Summit Sierra’s school culture celebrates diversity









By Matt Halvorson

Summit Sierra High School in Seattle is doing its part to create a school culture that celebrates diversity and actively stands up to racism and discrimination. It starts with teachers and administrators who know that bringing a diverse population of kids into the building is only the beginning of providing a truly equitable education.

As of last school year, Sierra was 43 percent Black/African-American, 24 percent white, 14 percent Asian, 11 percent two or more races, 6 percent Hispanic/Latinx, and 2 percent American Indian/Alaska Native. Of that same group, 47 percent were eligible for free/reduced lunch, and 11 percent were receiving special education services.

“Summit Sierra really reflects the type of diversity that we hope to have — true diversity, both [in terms of] racial background but also economic diversity,” said Abby Cedano, senior director of schools for the Summit network of public charter schools in Washington. “I think we have both of those things here.”

That kind of diversity brings with it a responsibility. For all students to feel truly safe and welcome, it’s not enough to just reject racism in principle. It’s not enough to be aware of the systems that perpetuate our opportunity gaps if we aren’t intentionally working to dismantle them, at least within our own walls.

Summit is living out its active commitment to equity in a number of ways. One of the foundations has been to hire and train culturally competent teachers and staff from a variety of backgrounds, and to help them understand and confront their personal biases.

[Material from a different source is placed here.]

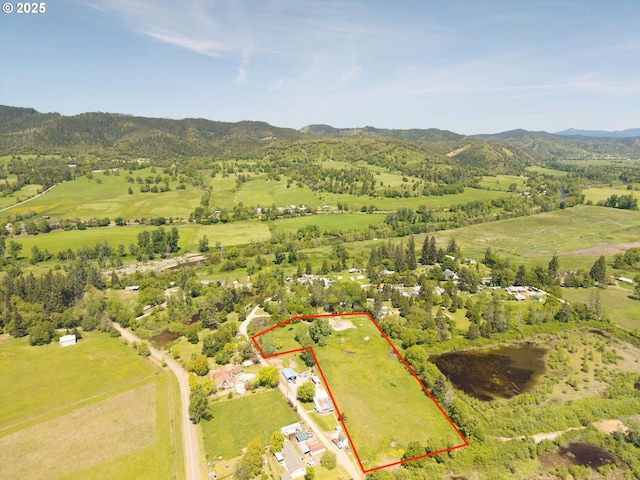 351 Pickett Ln, Canyonville, OR 97417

“We’ve been very intentional about hiring,” Cedano said. “We’re about at 50 percent teachers of color here, which is something we’re really proud of. We try to make sure that our staff reflects our student population as we create these intentionally diverse communities.”

From there, Summit Sierra has carried out ambitious, ongoing training on diversity, equity and inclusion (DEI) for its staff and students.

Back in May, the school held a Race Symposium for all staff and students which was led by Eileen Yoshina, manager of Equity in Education for the Puget Sound Educational Service District.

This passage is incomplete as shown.